1. An oscillation transducer comprising a piezoelectric element for converting pressure signals into electrical signals and vice versa, with a porous ceramic body and with at least two electrodes attached onto the ceramic body, wherein the porous ceramic body comprises open pores and at least on the surface which is not taken up by the electrodes is provided with an elastic coating for increasing the pressure gradient within the ceramic body;

said piezoelectric element being accommodated in a housing, wherein one end face of the piezoelectric element is rigidly connected to the housing base and the opposite end face represents a surface which is sensitive to the oscillations from the outer space, and the piezoelectric element in the housing is surrounded by a casting compound and is mechanically decoupled from this.

2. An oscillation transducer according to claim 1, wherein the lateral circumferential surface of the piezoelectric element comprises a cover which is loosely connected to this, as a mechanic decoupling, which separates the casting compound from the piezoelectric element.

3. An oscillation transducer according to claim 1, wherein the electrodes of the piezoelectric element are connected to an impedance converter circuit, which is cast into the casting compound.

4. An oscillation transducer according to claim 1, wherein the sensitive end surface of the piezoelectric element projects beyond the housing.

5. An oscillation transducer according to claim 1, wherein the sensitive end face is covered over by a metal foil or a wire fabric or a metallized plastic foil or an electrically conducting elastomer.

6. An oscillation transducer according to claim 1, wherein the housing is placed onto a frame of oscillation-absorbing material and is connected to this.
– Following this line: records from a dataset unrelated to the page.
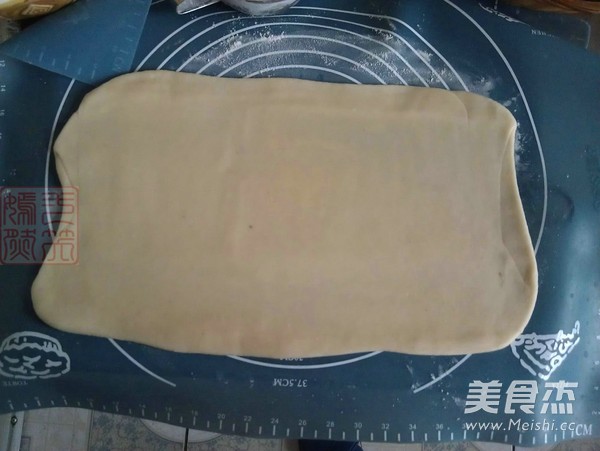 Red Bean Paste and White Crust Mooncakes recipe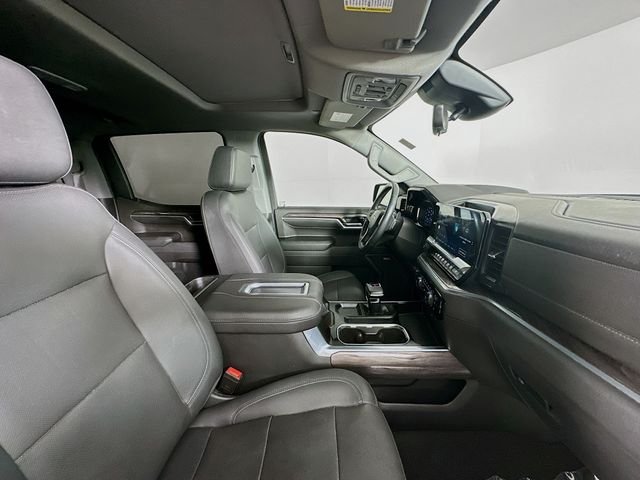 Used 2022 Black Chevrolet LTZ image 27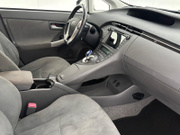 2010 Toyota Prius - Image 17 - Thumbnail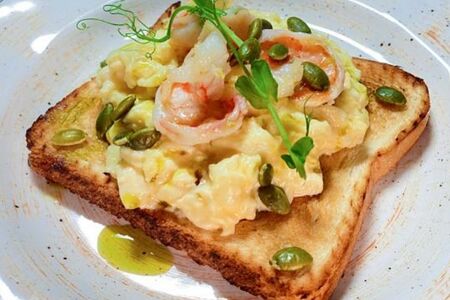 Скрембл с креветками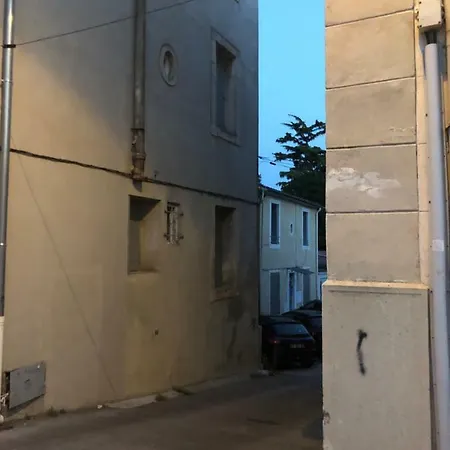 Le Lodeve Apartment *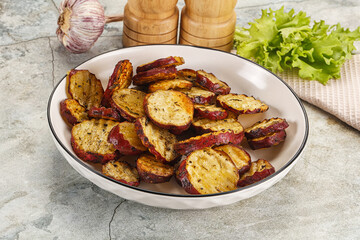 Baked red batat slices with herbs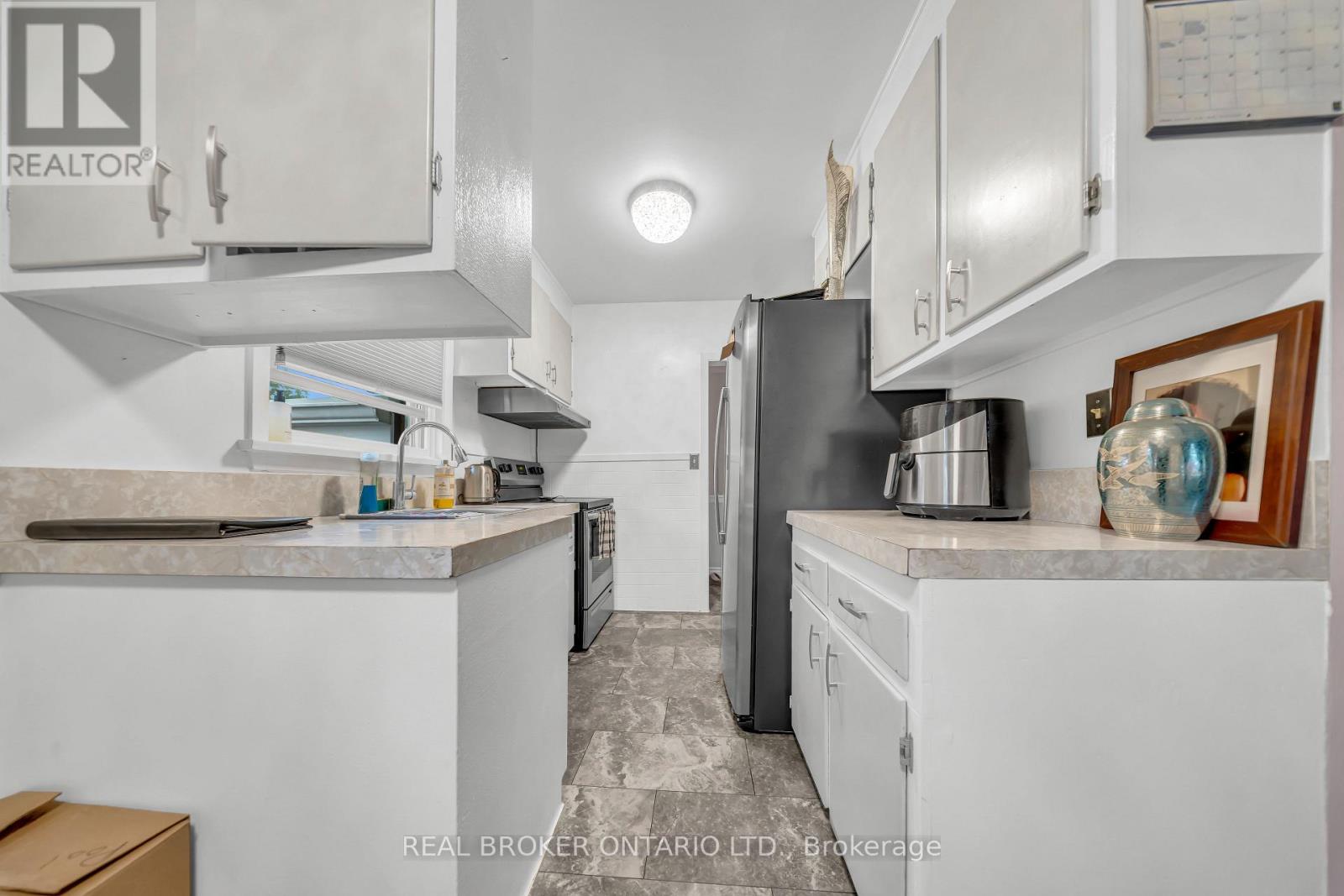67 Roseford Terrace, Halton Hills, Ontario  L7J 2L2 - Photo 12 - W13735262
7. An oscillation transducer according to claim 6, wherein the frame comprises a sleeve at least partly surrounding the housing, and a base plate, wherein between the sleeve and the housing there is provided an intermediate space which is filled with an oscillation-damping medium.
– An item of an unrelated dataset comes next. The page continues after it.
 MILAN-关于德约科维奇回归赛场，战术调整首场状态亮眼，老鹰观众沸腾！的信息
8. An oscillation transducer according to claim 7, wherein the sleeve is fastened on a flange of the housing and a base plate is a constituent part of a cover cap surrounding the housing.
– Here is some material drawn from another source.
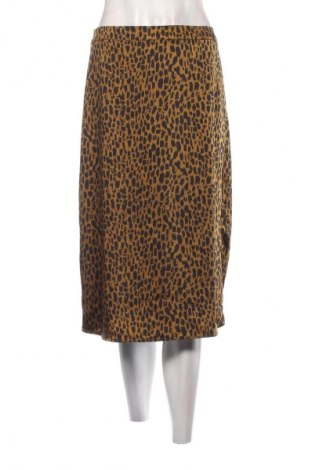 Пола VILA, Размер M, Цвят Многоцветен, Цена 12,78 €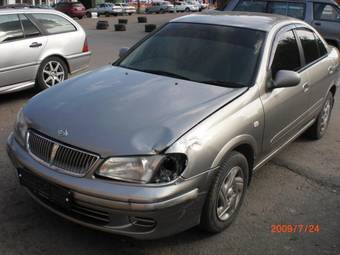 2001 Nissan Bluebird Sylphy Photos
9. An oscillation transducer according to claim 1, wherein the elastic coating is formed hermetically sealing and covers the whole surface of the ceramic body with electrodes.

10. An oscillation transducer according to claim 1, wherein the porous ceramic body is manufactured of a lead titanate zirconate mixture.

11. An oscillation transducer according to claim 1, wherein the porosity is at least 10%.

12. An oscillation transducer according to claim 11, wherein the porosity lies between 50 and 70%.

13. An oscillation transducer according to claim 1, wherein the coating consists essentially of silicone rubber, isoprene rubber or polyurethane or likewise.

14. An oscillation transducer according to claim 1, wherein the thickness of the coating lies in the region of 0.1 to 1.5 mm.

15. An oscillation transducer according to claim 1, wherein the elasticity of the coating lies in the range of 10 to 50 Shore A.

16. An oscillation transducer according to claim 1, wherein the porous ceramic body with open pores is essentially homogeneous.

17. An oscillation transducer according to claim 11, wherein the porosity is more than 30%.

18. An oscillation transducer according to claim 14, wherein the thickness of the coating lies in the region of 0.1 to 1.0 mm.

19. An oscillation transducer according to claim 18, wherein the thickness of the coating lies in the region of 0.1 to 0.5 mm.

20. An oscillation transducer according to claim 15, wherein the elasticity of the coating lies in the range of 10 to 30 Shore A.